En effet, sauf lorsqu’ils font face avec vigueur à leurs grandes difficultés économiques et sociales ou qu’ils sont au cœur de crises politiques et institutionnelles, comme en Nouvelle-Calédonie, aux Antilles et à la Réunion en 2009, nos compatriotes d’outre-mer ont trop souvent le sentiment d’être ignorés et délaissés par la métropole, y compris par la représentation parlementaire.
Il n’y a pas de fatalité à ce que leurs difficultés de vie suscitent si peu d’intérêt. L’éloignement, l’histoire parfois douloureuse, la complexité des relations avec les populations, ou les particularités de chacune d’entre elles ne sauraient être des excuses : en outre-mer, nous ne connaissons que des citoyens français. À ce titre, ces difficultés doivent être traitées selon les lois et les politiques de la République, avec, bien entendu, la nécessaire adaptation que les spécificités de ces territoires requièrent.
Ce débat nous donne ainsi l’occasion – Paul Vergès l’a fait pour la Réunion – de mieux connaître la situation économique, sociale et institutionnelle de chacun de ces territoires, qui connaissent des contextes locaux différents, sur le plan financier comme sur le plan statutaire.
Dans ce cadre, l’intérêt réside donc essentiellement dans l’évaluation de la pertinence des politiques publiques et de leur capacité à résoudre, avec plus ou moins d’efficacité, les problèmes que rencontrent les outre-mer.
S’il fallait trouver un dénominateur commun à ces territoires, au-delà de leur diversité, je dirais sans doute la grande fragilité de leurs économies. Structurellement déséquilibrées, elles sont sinistrées, en dépit de la forte proportion de jeunes, par un chômage de masse. Ce phénomène nourrit la désespérance de cette catégorie de la population.

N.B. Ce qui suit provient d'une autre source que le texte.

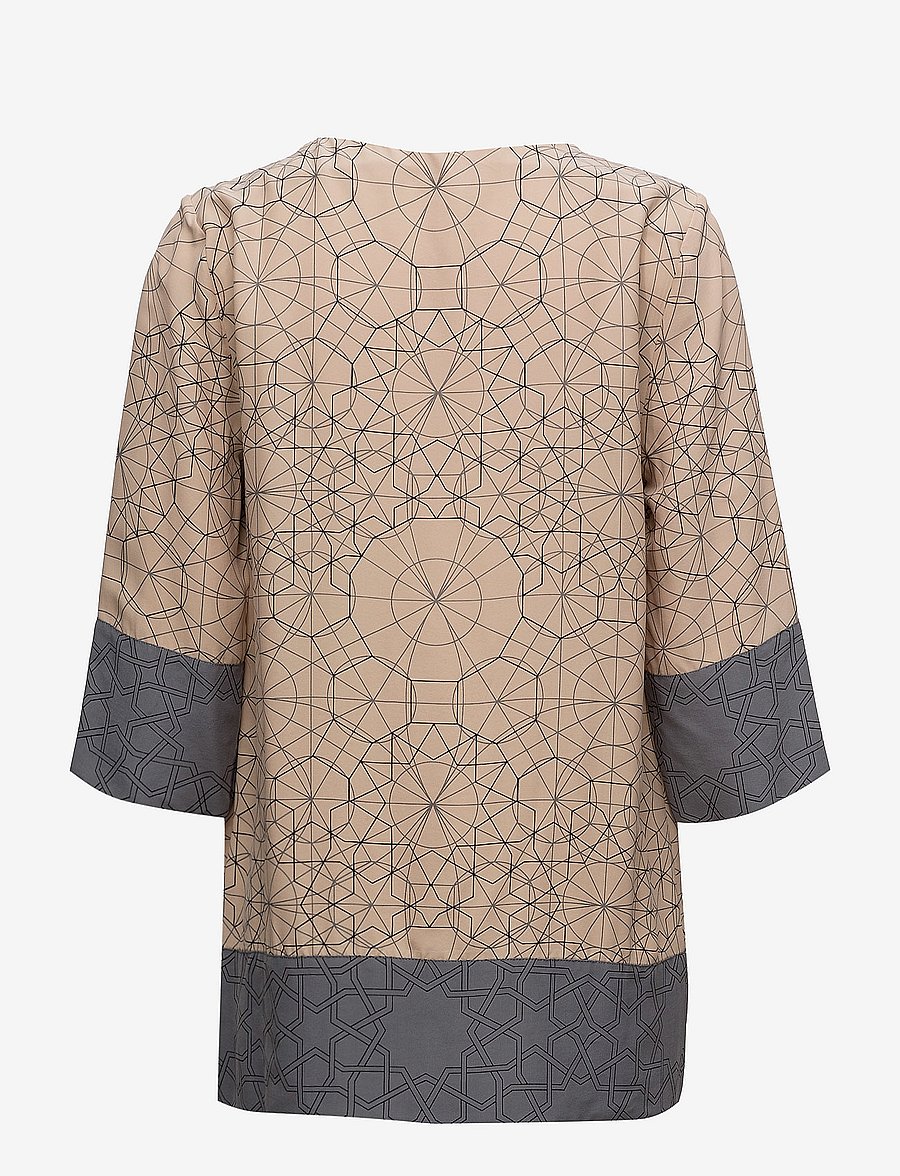Day Birger et Mikkelsen - Day Electric - blouses à manches longues - rugby tan - 1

D’une manière générale, et sans vouloir faire un constat trop pessimiste, je voudrais m’appuyer sur un récent audit des politiques publiques conduites par l’État en direction des Français d’outre-mer. Ce rapport, qui a été présenté au Sénat au mois de janvier, est une intéressante étude sociologique. Il a été réalisé par le Collectif des états généraux de l’outre-mer. Son grand intérêt est, précisément, de montrer l’évolution des sentiments de nos compatriotes ultramarins, qu’ils vivent sur place ou dans l’Hexagone, sur les politiques mises en œuvre dans ces territoires.
Au-delà des problèmes fondamentaux et récurrents, qui ont trait à l’emploi, au logement, au pouvoir d’achat, à la cherté de la vie ou à l’inadaptation des modes de consommation aux réalités locales – questions qui ne pourraient trouver réponse qu’au terme de réformes structurelles –, l’inquiétante nouveauté révélée par cette étude est que la principale préoccupation de nos compatriotes d’outre-mer est désormais la crainte d’un renforcement des inégalités et d’un processus de paupérisation de leurs sociétés.

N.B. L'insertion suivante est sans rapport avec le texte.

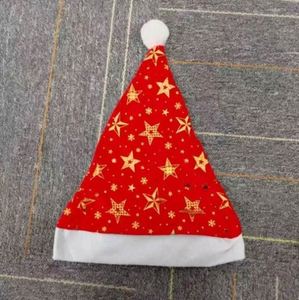 Wholesale Custom Logo Style Polyester Cotton Screen Printing Embroidery and Material Christmas <b>Hat</b> <b>for</b> Celebration Event - Product Image 3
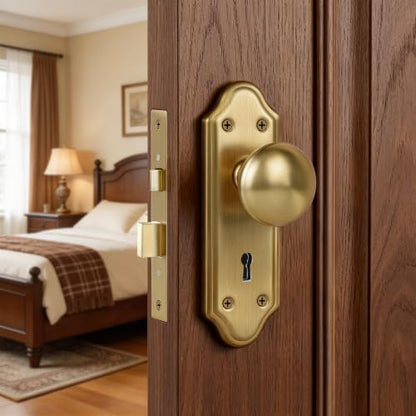 Mortise Lock Set for Interior Door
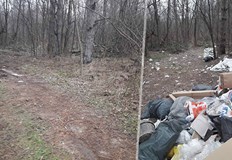 Боклуците са почистени след сигнал на Борислав Василев подаден в рубриката Това уникално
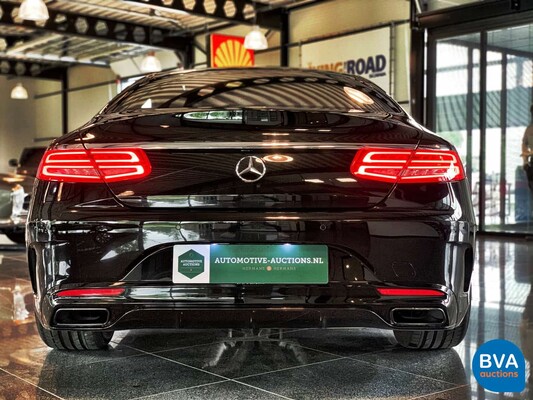 Mercedes-Benz S500 AMG Coupe 456pk S-Class 4-matic 2016, XJ-393-V.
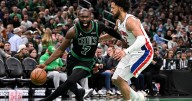 Celtics end Pistons' winning streak at a franchise record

Aux problèmes de logement, de chômage et de grande pauvreté s’ajoutent les inégalités sociales. N’oublions pas non plus la démographie, qui a des effets très négatifs sur le logement, la sécurité, mais aussi la santé et la croissance économique.
Cette accumulation de difficultés, qui leur fait craindre un avenir encore pire pour leurs enfants, est d’abord le fruit d’une situation économique et sociale qui ne cesse de se dégrader. Après tout, on pourrait penser qu’il en va sur ces territoires comme sur l’ensemble du territoire national. Eh bien non ! Cette dégradation est encore amplifiée par les lourds handicaps de nos sociétés d’outre-mer.
Cela étant dit, je voudrais souligner les louables efforts accomplis par le Gouvernement en matière budgétaire, notamment, mais aussi dans la lutte contre la vie chère ou pour la régulation des prix pétroliers. De ce point de vue, j’ai apprécié votre détermination à ne pas céder sur la question de la réduction des marges des monopoles de ce secteur, monsieur le ministre.
Ainsi, des efforts budgétaires ont été consentis pour l’année 2014, malgré un contexte dit « contraint » : dans les départements d’outre-mer, le Fonds exceptionnel d’investissement, le FEI, a au moins été reconduit à l’identique, et la TVA n’a pas augmenté. Les crédits alloués aux grandes priorités, comme le logement, ont heureusement été maintenus ; certains ont même progressé, comme ceux qui sont consacrés à la jeunesse et à l’emploi.
En outre, les défiscalisations et les aides à l’investissement ont été préservées, bien que je sois critique sur la pertinence de certaines d’entre elles.